Pratt, who has lived just outside Yosemite for 30 years, said McPadden is wrong about “zero evidence” of an ecological impact from overcrowding.

‘There is decades of rigorous scientific study showing that Yosemite has a carrying capacity, and the impacts of overcrowding on the wildlife, the landscape and the visitor experience,” Pratt said.

Pratt pointed to studies in 2014 of the Merced River and the 2024 Yosemite Visitor Access Management and Environmental Assessment.

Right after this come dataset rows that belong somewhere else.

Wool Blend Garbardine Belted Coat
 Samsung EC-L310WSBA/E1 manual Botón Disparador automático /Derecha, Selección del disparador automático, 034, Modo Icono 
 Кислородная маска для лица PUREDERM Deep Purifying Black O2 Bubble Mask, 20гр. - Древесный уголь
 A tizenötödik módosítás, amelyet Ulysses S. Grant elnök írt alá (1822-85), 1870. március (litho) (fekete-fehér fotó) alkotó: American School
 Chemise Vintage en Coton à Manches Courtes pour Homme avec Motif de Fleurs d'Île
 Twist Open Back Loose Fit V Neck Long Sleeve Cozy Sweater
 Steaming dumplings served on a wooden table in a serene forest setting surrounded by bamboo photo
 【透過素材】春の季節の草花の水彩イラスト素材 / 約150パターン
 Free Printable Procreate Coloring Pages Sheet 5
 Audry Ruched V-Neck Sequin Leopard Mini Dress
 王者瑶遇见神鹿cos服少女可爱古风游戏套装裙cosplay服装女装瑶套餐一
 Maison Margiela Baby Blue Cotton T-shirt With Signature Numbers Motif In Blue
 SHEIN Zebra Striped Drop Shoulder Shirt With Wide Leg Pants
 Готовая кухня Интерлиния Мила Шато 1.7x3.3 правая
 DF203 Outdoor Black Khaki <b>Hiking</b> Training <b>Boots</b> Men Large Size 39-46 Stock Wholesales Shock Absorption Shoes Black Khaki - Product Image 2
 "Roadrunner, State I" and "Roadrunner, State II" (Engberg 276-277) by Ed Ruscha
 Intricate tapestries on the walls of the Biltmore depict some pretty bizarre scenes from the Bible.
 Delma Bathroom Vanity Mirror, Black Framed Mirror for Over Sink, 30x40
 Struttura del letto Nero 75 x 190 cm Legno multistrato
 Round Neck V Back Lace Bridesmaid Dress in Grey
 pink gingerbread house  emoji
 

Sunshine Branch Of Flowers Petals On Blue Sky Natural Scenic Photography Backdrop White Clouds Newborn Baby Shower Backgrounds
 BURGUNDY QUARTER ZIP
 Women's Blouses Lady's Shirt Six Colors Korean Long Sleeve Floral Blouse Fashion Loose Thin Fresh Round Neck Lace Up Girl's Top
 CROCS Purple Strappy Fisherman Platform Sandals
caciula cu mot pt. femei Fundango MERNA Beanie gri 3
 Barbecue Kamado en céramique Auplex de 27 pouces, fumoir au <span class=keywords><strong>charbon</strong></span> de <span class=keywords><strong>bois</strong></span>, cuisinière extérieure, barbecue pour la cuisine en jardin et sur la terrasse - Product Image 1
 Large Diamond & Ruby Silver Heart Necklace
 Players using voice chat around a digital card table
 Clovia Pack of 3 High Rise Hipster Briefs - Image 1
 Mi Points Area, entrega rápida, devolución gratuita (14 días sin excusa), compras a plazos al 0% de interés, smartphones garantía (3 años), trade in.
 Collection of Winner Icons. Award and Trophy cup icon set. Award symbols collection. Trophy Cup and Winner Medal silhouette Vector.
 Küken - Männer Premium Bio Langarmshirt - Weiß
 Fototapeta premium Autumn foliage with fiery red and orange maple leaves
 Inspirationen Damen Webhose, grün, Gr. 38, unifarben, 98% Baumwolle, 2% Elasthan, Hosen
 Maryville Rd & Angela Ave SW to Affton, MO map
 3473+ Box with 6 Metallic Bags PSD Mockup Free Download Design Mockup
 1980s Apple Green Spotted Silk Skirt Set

Mark Rose, senior Sierra Nevada Program Manager for the National Parks Conservation Association, said McPadden’s decision to forgo the vehicle reservation system ignores decades of research.

Rarely, if ever, has Yosemite faced such a crisis,” Rose said.

“Claims by Superintendent McPadden that there has not been any ‘real social science’ done to gauge the public’s experience are unequivocally false,” Rose said in a statement to the Gazette.

The National Park Service has an entire web page dedicated to research and surveys about the visitor experience in Yosemite National Park, with links to four visitor surveys and five studies conducted between 2005 and 2019.

Several of those studies looked at visitor perceptions of crowding, wait times and levels of service.

Rose cited a recent union survey of Yosemite employees that show the vast majority opposed eliminating vehicle reservations.

It is a point McPadden would likely concede.

The people who live here and work here tend to be much more sensitive, to lines and all that stuff. So we, the park service, perceive some huge catastrophic problem,” McPadden said.

But if you ask the visitor, he said, they will say, “I’m having a great time. No problem. What are you talking about?

McPadden said if traffic problems this summer become more serious, or approach any kind of gridlock, he is prepared to “shunt” traffic in the valley at El Capitan Road, diverting people to less populated areas like the Mariposa Grove, Wawona and Tuolumne Meadows.

The ability of emergency services to quickly access areas of the park will be an important factor in making that decision, he said.

Visitor numbers in Yosemite have been on a bit of roller coaster this year due in part to an unseasonably warm spring.

According to attendance numbers from the National Park Service, visits to Yosemite were up 45 percent in March from the prior year.

But in April, the number of total visits was down 5 percent.

Year to date through April 30, visits to Yosemite were up 10 percent overall, with 813,835 visitors to the park.

The busy season is still ahead.

I’m expecting visitation to go up. We have lots of space for people to have a good time,” McPadden said.

Last year, nearly 4.3 million people visited the park, a post pandemic record.